I just had a life-changing experience. It is  called  You Will Die At 20. It is Sudan’s first entry  into the  Oscars, and one that is likely to win over  a jury sold on esotericism.  This is an exhaustively  moody  piece  of work, dark and  devilish, imbued  in  a  aura of doom and yet courageously optimistic  in fighting  off those forces that push backward societies deeper into superstition and blind faith.

 The story  of  Muzamil(Musatafa Shehata) who is  told by  the  village priest that he  won’t live beyond 20,  is  saddening  to the extreme. Director  Amjad Abu Alala spares Muzamil none of the anxiety , frustration  and  fury of a young man who’s told he  won’t  get to  experience  all the  joys  of adult  life. 
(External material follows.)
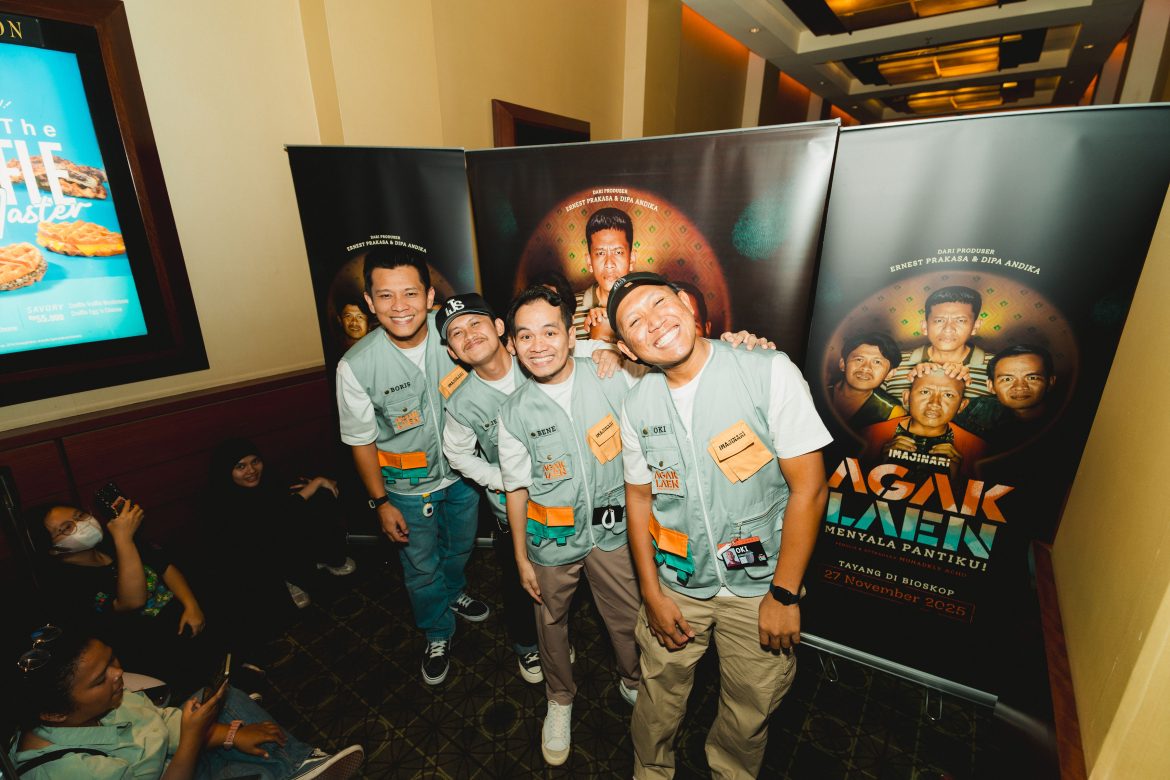 agak-laen-menyala-pantiku-poster-film-komedi-indonesia-2025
The  film is shot in stark open spaces suggesting an endless bleakness and desolation, and then  it moves into a an asymmetrical room   where Muzamil’s mother (Islam Mubarak) counts  the days: not her own, her sons.Unable to bear the burden  of the terrible  prophecy, Muzamil’s father  makes an  early escape from the responsibilities  of parenting , leaving the  barren coast clear for  Muzamil’s mother to  raise him into imminent death.
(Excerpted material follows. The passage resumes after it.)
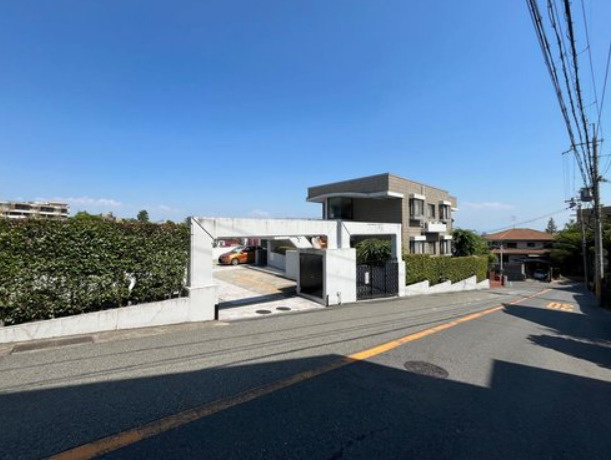 ラフィーヌ芦屋の外観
 For a  theme  so remarkably pensive, the  mood  of the work is  upbeat rather than desolate. There are stretches  of narrative where Muzamil learns  the ways of  the world  outside from an iconoclastic traveler Sulaiman(Mahmoud Elsarraj) who drinks , fornicates and is clearly not a good Muslim. Muzamil’s introduction into this world  of  unconditional hedonism  troubles  the  boy as it clashes  with  his rigid Islamic upbringing.

The  young actor playing Muzamil is  a  first-timer. He gives us  Muzamil’s conflicted agonized emotion unvarnished raw  and  real. The rest  of the cast seems to abide by the  film’s natural  rhythms. These are actors who  never learnt to act.

This ruggedly ruminative anti-melodrama is shot  in shades  of  brown and  grey and illumined  by  a feeling of  the fading light in the late  afternoon. For a  country that doesn’t have a  very rich cinematic  history  You Will Die At 20 is  remarkably poised and polished in technique. Natural sounds and open landscapes are  used  to  suggest the dilating dimensions of  doom hovering  over the  hazy horizon.

 For all its accomplishments, the film finally left me  with a sense  of incompleteness. It  opens  up  wounds (of blind faith)  that never healed.  But doesn’t really know  how  to heal those wounds. We sense some bona fide emotions  underlining every scene. We can even feel  Muzamil’s  mother denying herself those emotions  that she feels for her  son, knowing he would be snatched away from  her. But we  don’t feel the  surge  of  emotions that we ought to feel for a boy whose societal environment and  upbringing deny him his childhood and  adolescence for an  adulthood that  some creepy soothsayer says he won’t have.

 There is  a very disturbing sequence  where Muzamil’s face is caressed  by  a priest in a distinctly  sleazy way , as the holy man  suggests Muzamil come and spend his remaining days  in pleasing the men  of God. That hint of perversity says  it all. We needed more such moments condemning the underbelly of blind faith and less meditation  on pubescent  mortality.